**Exercise requirements**
Starting at the line that holds "豪華 真鍮 無垢材 ティーカップ", restate every line word for word up to and including the last one in the listing below, and omit all pictures.

(Dataset section Opens)

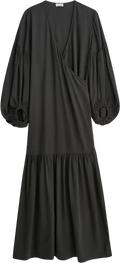 By Malene Birger Black Viscose / Lyocell Frilla Textured Maxi Wrap Dress Fr34 UK 6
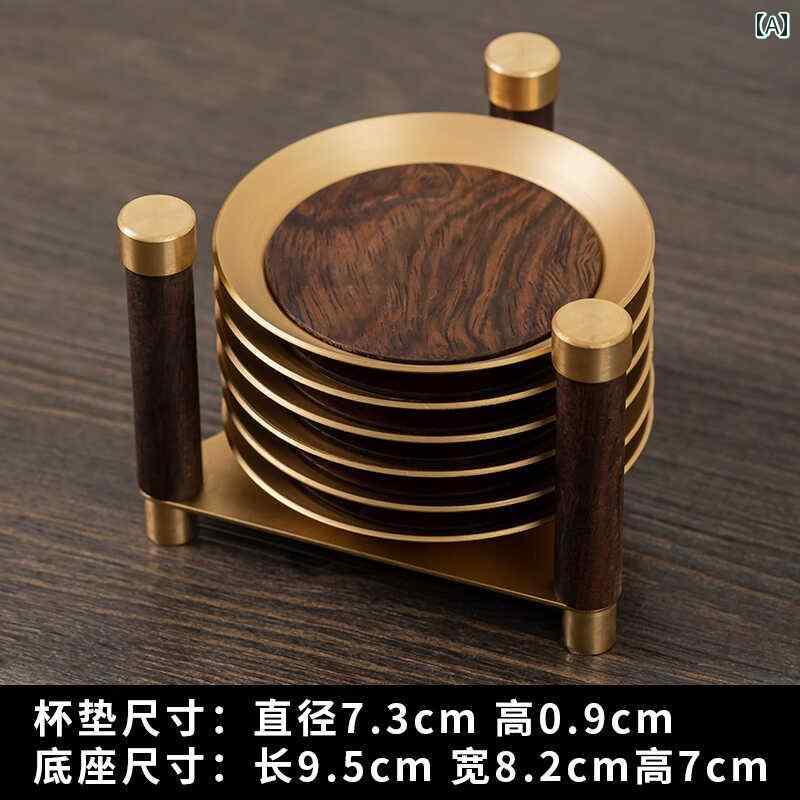豪華 真鍮 無垢材 ティーカップ マット ティート レイ ティーマット チャイナ風 トレイ セット おしゃれ 断熱 ティーテーブル 装飾品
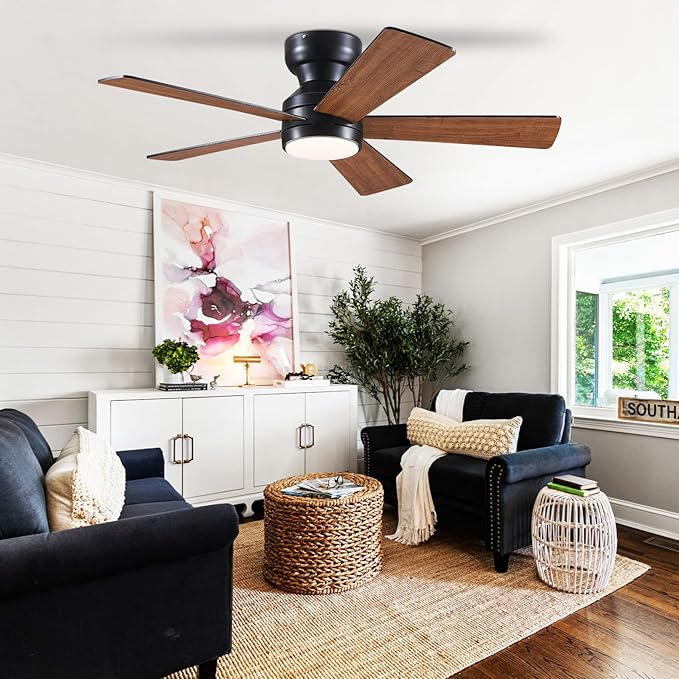 Ceiling Fans with Lights Flush Mount - 46in Low Profile Ceiling Fan Remote Control with 5 Dual-Sided Blades, Reversible 6 Speeds, Dimming & 2H Timing, Indoor Fan Light for Bedroom, Kitchen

(Dataset section Closes)

**Response area**
豪華 真鍮 無垢材 ティーカップ マット ティート レイ ティーマット チャイナ風 トレイ セット おしゃれ 断熱 ティーテーブル 装飾品
 Ceiling Fans with Lights Flush Mount - 46in Low Profile Ceiling Fan Remote Control with 5 Dual-Sided Blades, Reversible 6 Speeds, Dimming & 2H Timing, Indoor Fan Light for Bedroom, Kitchen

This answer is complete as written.